It is the question that has long troubled investors: can you do good and achieve good returns at the same time?
As a growing body of evidence points to the fact that sustainable funds can outperform their peers, impact investing is seeing an unprecedented boom. Investors around the world are unleashing the power of capital to have a positive impact on the world.
The UK investment market is no exception. Estimated to be worth some £15 billion in 2016, Triodos Bank’s latest Annual Impact Investing survey suggests that we are on the cusp of accelerated growth over the next decade. With a forecast of 173% growth, our analysis – in partnership with research firm Development Economics – predicts that the market is set to be worth a huge £48bn by 2027.
These are some impressive figures, but what’s behind this acceleration?
Drivers of growth
The research points to both appetite for more ethical investment opportunities among existing investors, and the rise of a new generation of socially conscious millennial investors. A fifth of UK investors are planning to invest in a socially responsible investment (SRI) fund in the coming years, rising to 47% amongst younger investors aged 18-34.
Though demand among investors is high, it appears that the sector needs to catch up. More than half of investors would like their money to support companies that contribute to making a more positive society and sustainable environment. But 73% of UK investors have never been offered ethical investment opportunities and 61% would not know where to go for more information on SRI.
Investors also crave more knowledge of what they are investing in and how their money is being used. Female investors in particular are looking for more transparency when investing, with three-quarters (74%) of women surveyed citing this as a key requirement. This is where Triodos Bank delivers, thanks to complete transparency about the organisations within the SRI Funds offered to UK investors.
The rise of ‘resist’ investing
The research also points to a new trend of ‘resist investing’, particularly among younger investors. A third of investors are motivated to invest in an ethical fund because of negative events in the news, rising to 56% of investors aged 18-34. This age group cites climate change-related disasters; the 2008 financial crisis; and the fossil fuel divestment movement as their biggest stimuli.

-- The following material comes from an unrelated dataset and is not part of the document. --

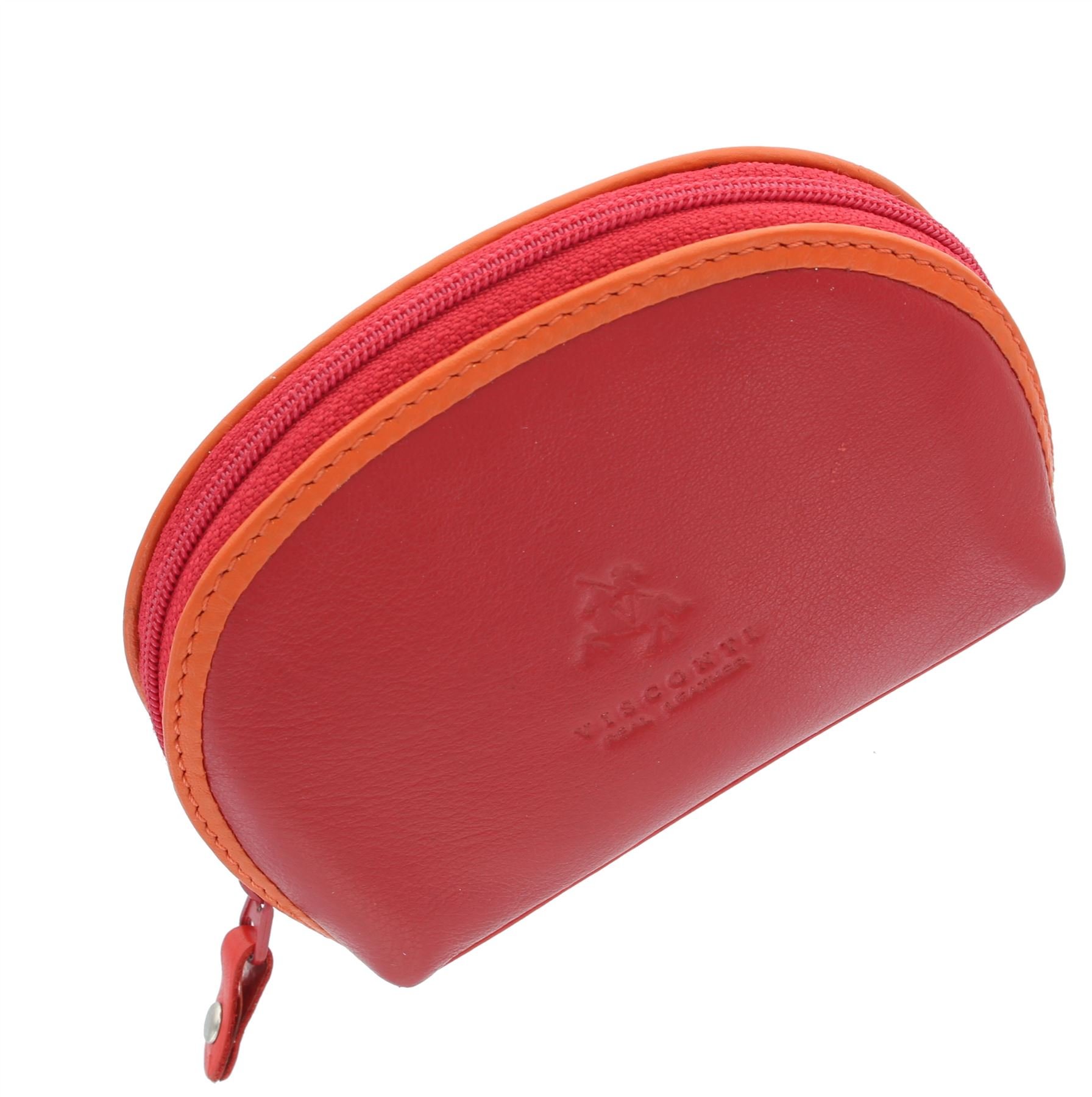 Visconti Rainbow Collection Zip Top Leather Malay Coin Purse with Keyring RB63 Red Multi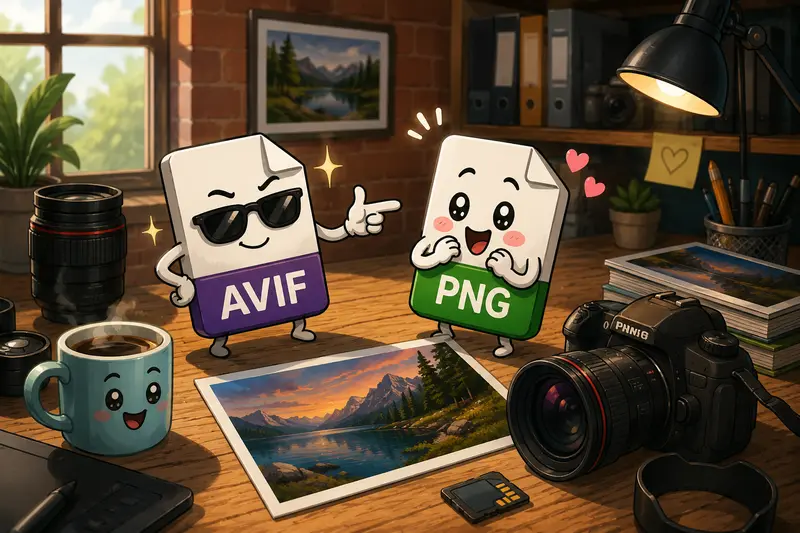 High-resolution photo workflow showing AVIF files converted into PNG assets for editing and print preparation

While the increasing popularity of impact investing is welcome news, it has also sparked debate regarding the rise of ‘impact-washing’ – or as the Global Impact Investing Network defined it, ‘the concern that misuse and dilution of the term impact investing will render it nearly meaningless’.
Indeed, according to our research, 45% of investors are worried that some investment funds labelled as SRI are in fact still investing in companies which have a negative impact on society or the environment. Over a third (39%) think SRI funds need to have a tighter criteria.
Bevis Watts, managing director of Triodos Bank UK, said: “Demographic changes, social media and awareness of the challenges facing our planet mean that investors are waking up to the fact that there really is no such thing as a neutral investment. Every investment has an impact on individuals, society and the economy.”
“The Socially Responsible Investing (SRI) market is growing quickly but we must be careful that it isn’t just labelled as sustainable investment on the surface. Otherwise it might come down to just doing things slightly less badly. A best-in-class investment in the tobacco or arms sector is not going to help make our society more sustainable. We encourage all investors to seek out funds that are not only best-in-class, but that apply strict sustainability criteria.”
“There is a real opportunity for investors to seize the power of money for positive change. Now is the time for the sector to step up to the plate and ensure that these opportunities are genuine, measurable and thoughtful.”
“I started investing with Triodos Bank because I wanted to see my money supporting causes and companies that I believe in. I was also keen to actively avoid investing in companies I disagreed with or ones that have a negative social or environmental impact.
Investing with Triodos made sense to me because I get a good return on my investment and my money is having a positive impact and reflecting values”
With SRI funds, capital is at risk and the value of an investment can fall as well as rise, income is variable and not guaranteed, and individuals may get back less than invested.